PADO Flynn said he knew from the first time he met with the Palatine players that they could go and win a senior championship. He went on to say that he told anyone who would listen that they were worth a punt at the bookie office.
“I said it to you before. These guys are a special group. A special breed. On Good Friday, we were up and down Jenkinstown Wood doing manoeuvres with army guys. Learning about leadership. I was told afterwards that we had guys who were leaders. Guys who would lead the team and that night I was in my local bar, the Cave Bar, I told lads to have a few quid on Palatine to win the county final. We were 14-1 or 16-1. In fairness the guys delivered today,” said the man from Muckalee.
He was somewhat vexed they were still considered to be outsiders all through the campaign.
“I think we have been slightly disrespected in the last couple of weeks. In fairness, we beat the county champions twice. Once by 13 points. We beat the two teams that beat us last year. We beat Rangers by 18 or 19 points. No-one seemed to know we were down four or five players in our earlier matches.
“I just thought it was extremely disrespectful to the players. If any other team had got to a county final unbeaten with such a display of courage that they showed last Saturday, they would have been tipped. Paddy Power got it right with the odds on the day but no, they are a young team.

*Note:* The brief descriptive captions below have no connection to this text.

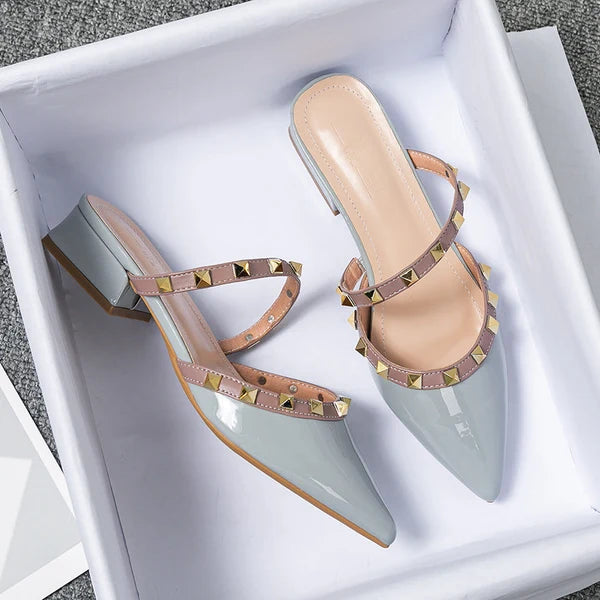 Anity | Mules de Punta con Tachuelas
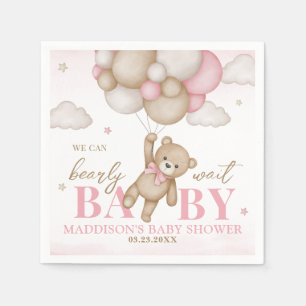 Serviette En Papier Nous pouvons étancher papier Baby shower d'attente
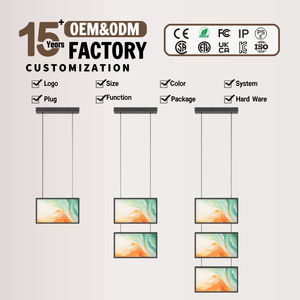 Écran d'affichage numérique commercial à cadre métallique fin et mince, bordure étroite, rapport écran-corps de 93 % - Product Image 1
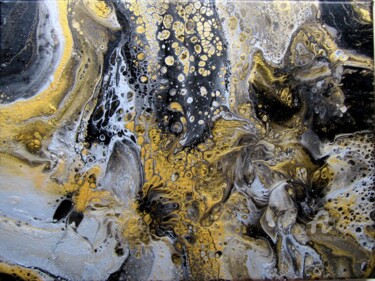 Peinture intitulée "Or et argent.jpg#ar…" par Claudette Allosio, Œuvre d'art originale, Acrylique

“Look how fearless Josh Egan was today. He tore into the hearts of the Tinryland defence today. Tomás Kenny, when he came on. They all want to play so badly. I will be honest with you. They are like a family. Some of them drive you mad, some of them are a little bit out there but, at the end of the day, they play for one another. There is something inside them that they were never going to be beaten today.”
He said he was not surprised when Tinryland came back at them and almost drew level.
“We knew Tinryland were going to get on top at one stage. In fairness, we knew there was savage fight in them. You saw it here the last day against Rangers. Let us call a spade a spade. We were on the front foot from an early stage. We went looking for goals. We were trying to win the game and at some stage that catches up on you. Maybe on reflection, we as a management team, were a couple of minutes slow bringing subs on to the field. As soon as we started bringing on subs and once we got fresh legs on the pitch, I felt we were never in danger.”